Читайте также: |
|
Человеческая судьба — часто совпадение очевидных закономерностей и непредвиденных случайностей.
Была в моей жизни еще однз знаменательная встреча с Пушкиным.
...«То было раннею весной, трава едва всходила...» Оголодавшие ленинградцы 42-го года ждали этой травы. Тонюсенькими стебельками крапивы и лебеды сама природа протягивала нам руку помощи, великодушно прощая обиды: изрубленные на дрова кусты акаций, сирени, шиповника... Лепешки из лебеды и несколько глотков соевого молока после жиденького крапивного супа были изысканным лакомством в сравнении с недавним холодцом из столярного клея и лепешками из многократно вымоченной горчицы. Собирая на четвереньках в платки, карманы, кастрюли опаленную порохом нежно-зеленую листву весеннего дара, люди вставали на ноги, начинали видеть солнце, которое не закрыл и теперь уже никогда не закроет леденящий душу крест фашистской свастики. Уже будучи учителем и разбирая пейзажи, их разноплановую функцию в художественных произведениях, подспудно не верил даже великому писателю, изображавшему равнодушие природы. Нет, это мы к ней подчас жестоки и равнодушны, она же — милосердна, по-матерински заботлива. Одухотворенные, точно живые пейзажи Льва Толстого и Михаила Шолохова мне всегда были чем-то близки. А «две морковники» с тощим зеленым хвостиком, что «не домой, не на суп, а к любимой в гости» нес поэт в голодном, холодном и огненном 1918 г., вдруг почему-то становились целым уроком в рамках эпической поэмы.

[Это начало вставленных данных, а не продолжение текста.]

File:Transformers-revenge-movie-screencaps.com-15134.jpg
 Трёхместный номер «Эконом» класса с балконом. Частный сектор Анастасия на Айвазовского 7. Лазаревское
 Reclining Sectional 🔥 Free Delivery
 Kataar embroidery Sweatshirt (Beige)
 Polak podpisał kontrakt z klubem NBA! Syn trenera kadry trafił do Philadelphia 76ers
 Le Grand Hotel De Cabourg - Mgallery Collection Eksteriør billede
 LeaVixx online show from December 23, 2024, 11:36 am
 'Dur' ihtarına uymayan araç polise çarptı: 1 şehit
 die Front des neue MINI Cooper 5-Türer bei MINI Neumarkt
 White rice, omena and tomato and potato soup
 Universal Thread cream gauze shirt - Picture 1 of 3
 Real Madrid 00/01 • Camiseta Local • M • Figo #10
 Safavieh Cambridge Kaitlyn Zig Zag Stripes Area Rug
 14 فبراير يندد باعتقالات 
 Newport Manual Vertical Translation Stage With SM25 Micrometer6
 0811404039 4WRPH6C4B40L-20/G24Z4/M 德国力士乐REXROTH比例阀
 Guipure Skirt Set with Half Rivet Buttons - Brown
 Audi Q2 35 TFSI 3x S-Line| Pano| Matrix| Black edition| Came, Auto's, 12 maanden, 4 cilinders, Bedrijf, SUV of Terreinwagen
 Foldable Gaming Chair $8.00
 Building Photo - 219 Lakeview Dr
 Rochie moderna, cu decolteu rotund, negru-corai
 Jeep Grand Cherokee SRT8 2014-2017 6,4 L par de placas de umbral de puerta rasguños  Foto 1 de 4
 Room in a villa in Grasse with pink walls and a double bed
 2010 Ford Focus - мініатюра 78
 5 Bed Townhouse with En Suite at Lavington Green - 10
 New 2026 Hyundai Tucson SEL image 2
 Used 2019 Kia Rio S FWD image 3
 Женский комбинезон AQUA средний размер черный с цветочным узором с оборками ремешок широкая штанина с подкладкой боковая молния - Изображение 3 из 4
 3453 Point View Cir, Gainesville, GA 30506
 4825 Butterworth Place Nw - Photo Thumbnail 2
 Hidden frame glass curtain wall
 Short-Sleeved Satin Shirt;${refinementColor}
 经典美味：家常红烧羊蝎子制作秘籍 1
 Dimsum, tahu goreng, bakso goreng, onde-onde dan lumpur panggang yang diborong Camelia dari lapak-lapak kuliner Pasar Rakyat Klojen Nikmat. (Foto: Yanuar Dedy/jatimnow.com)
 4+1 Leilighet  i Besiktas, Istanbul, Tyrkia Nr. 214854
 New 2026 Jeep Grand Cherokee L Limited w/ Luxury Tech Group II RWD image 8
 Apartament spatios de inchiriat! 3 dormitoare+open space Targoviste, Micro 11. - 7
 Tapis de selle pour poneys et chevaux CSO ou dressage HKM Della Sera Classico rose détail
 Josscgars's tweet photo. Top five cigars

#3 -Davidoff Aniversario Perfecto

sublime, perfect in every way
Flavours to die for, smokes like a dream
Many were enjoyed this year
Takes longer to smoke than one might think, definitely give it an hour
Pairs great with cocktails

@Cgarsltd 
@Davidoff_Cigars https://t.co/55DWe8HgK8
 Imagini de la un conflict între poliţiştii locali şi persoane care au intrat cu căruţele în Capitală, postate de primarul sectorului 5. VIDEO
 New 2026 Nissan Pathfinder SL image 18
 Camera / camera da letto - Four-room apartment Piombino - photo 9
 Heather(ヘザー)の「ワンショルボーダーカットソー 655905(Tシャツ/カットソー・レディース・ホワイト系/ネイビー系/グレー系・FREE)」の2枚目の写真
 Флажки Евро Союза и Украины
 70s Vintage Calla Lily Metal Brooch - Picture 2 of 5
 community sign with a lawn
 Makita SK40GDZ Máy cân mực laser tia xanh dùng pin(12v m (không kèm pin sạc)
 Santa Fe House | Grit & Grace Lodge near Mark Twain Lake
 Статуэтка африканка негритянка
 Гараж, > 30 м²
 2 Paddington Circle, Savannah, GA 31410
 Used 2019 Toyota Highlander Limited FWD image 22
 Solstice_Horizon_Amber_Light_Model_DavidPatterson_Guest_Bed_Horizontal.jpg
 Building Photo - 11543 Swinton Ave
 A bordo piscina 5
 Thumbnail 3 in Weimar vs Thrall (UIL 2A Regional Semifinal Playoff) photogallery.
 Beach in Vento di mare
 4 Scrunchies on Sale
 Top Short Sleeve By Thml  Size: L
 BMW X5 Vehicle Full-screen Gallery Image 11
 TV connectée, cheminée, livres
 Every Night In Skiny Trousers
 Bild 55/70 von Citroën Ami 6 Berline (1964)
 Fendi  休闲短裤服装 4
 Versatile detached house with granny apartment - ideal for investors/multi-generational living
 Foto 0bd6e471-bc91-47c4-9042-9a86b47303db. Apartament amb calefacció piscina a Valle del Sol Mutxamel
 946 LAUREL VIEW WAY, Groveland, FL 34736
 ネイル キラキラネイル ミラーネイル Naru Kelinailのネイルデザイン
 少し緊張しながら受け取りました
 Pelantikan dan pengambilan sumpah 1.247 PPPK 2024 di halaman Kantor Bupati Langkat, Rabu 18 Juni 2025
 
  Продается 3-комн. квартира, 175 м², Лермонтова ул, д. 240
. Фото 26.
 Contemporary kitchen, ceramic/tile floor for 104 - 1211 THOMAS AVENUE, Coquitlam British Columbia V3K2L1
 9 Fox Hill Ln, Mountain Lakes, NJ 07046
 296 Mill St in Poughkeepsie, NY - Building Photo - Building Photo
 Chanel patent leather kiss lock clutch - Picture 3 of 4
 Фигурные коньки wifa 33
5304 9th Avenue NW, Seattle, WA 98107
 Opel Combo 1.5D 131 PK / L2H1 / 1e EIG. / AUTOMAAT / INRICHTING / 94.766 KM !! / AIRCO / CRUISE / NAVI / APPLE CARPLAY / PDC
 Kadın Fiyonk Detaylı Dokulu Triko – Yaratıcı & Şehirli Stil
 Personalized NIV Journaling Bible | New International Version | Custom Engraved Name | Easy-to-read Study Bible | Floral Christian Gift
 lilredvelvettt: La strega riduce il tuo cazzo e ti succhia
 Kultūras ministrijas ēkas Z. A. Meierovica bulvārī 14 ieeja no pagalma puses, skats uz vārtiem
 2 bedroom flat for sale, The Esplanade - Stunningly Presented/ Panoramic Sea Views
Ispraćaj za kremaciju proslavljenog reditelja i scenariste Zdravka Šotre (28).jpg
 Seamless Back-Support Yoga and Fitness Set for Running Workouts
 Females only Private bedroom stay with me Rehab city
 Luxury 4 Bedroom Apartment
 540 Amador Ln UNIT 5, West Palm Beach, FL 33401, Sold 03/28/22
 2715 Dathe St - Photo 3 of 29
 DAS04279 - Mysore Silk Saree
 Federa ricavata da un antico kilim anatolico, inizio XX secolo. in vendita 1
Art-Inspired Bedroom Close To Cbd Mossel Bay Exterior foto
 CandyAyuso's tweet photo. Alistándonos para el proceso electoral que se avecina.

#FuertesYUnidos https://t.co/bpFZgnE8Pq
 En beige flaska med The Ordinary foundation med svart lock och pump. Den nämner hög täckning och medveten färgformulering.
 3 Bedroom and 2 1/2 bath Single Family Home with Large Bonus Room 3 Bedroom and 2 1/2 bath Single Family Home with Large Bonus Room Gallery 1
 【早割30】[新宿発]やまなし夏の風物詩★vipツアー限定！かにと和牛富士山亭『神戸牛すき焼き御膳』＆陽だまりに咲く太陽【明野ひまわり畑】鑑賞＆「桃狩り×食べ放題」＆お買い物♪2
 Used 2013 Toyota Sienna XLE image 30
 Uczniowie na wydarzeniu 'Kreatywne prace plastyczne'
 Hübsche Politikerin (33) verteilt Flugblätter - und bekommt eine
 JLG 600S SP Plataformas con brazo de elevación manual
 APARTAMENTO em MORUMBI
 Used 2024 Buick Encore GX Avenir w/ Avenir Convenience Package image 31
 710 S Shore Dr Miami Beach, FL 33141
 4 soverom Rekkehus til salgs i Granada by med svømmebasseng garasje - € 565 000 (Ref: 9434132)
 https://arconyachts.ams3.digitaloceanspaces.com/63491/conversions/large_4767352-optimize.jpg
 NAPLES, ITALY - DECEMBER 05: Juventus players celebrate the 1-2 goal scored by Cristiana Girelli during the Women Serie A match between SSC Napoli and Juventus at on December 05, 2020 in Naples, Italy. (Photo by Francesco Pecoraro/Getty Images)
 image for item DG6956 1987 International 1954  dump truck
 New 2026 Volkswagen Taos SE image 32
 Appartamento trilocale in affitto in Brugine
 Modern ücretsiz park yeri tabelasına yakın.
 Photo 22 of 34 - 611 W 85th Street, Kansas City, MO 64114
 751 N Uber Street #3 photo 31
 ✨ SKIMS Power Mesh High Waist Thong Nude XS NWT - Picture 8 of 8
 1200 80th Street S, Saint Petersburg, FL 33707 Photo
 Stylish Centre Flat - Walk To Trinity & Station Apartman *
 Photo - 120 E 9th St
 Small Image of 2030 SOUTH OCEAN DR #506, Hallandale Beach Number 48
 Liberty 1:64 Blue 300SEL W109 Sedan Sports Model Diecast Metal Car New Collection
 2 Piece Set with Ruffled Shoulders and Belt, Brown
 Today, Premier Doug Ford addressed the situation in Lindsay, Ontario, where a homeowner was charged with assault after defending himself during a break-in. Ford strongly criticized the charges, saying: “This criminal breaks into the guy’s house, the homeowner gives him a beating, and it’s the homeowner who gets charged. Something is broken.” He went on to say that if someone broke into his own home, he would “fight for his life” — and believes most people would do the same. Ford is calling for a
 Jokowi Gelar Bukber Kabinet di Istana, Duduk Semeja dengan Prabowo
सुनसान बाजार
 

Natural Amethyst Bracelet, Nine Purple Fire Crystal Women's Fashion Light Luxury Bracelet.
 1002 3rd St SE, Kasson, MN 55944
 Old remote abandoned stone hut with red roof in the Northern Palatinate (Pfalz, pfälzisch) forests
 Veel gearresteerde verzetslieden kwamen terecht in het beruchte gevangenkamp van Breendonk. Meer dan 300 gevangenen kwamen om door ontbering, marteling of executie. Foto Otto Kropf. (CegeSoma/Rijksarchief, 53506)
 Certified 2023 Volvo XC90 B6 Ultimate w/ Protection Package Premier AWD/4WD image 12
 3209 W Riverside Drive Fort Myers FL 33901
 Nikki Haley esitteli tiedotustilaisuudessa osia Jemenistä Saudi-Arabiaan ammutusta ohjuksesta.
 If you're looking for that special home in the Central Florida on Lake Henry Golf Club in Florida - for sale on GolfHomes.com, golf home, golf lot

Солнцем и зеленью 42-го постепенно оттаивал и оживал полуразрушенный Нарвский проспект и мой прошитый дальнобойными снарядами семиэтажный дом № 16. Улицы этих дней жили в зависимости от движения солнца. Теневая сторона почти всегда безлюдна; зато противоположная, согретая косыми желтыми лучами, была буквально облеплена прислонившимися к стенам домов женщинами, стариками, детьми. Стариков и детей — меньше. Едва солнце понемногу начинало освещать другую сторону, эта становилась уже не такой многолюдной. Больше везло тем, кто жил на четной стороне: их согревало полуденное и вечернее солнце. Иные, у которых хватало сил и смелости пользоваться обеими сторонами улицы, чувствовали себя особенно комфортно. Я не зря сказал «смелости». Бывали случаи, когда, по-
черепашьи медленно переходя проспект, мои бедные собратья, попав под артобстрел, становились жертвами. По этой причине многие предусмотрительно пользовались лишь половинкой солнца и даже меньшей его частью. Благоразумным и мудрым хватало этого вполне. Легко понять и остальных: отнюдь не ультрафиолетовые лучи, столь живительные для истощенного организма, а элементарное желание согреться, наконец просто уведеть свет выводило их на улицу. В солнечные дни враг был особенно жестоким. Без синих табличек знали мы, какая сторона улицы наиболее опасна: ну конечно же — солнечная!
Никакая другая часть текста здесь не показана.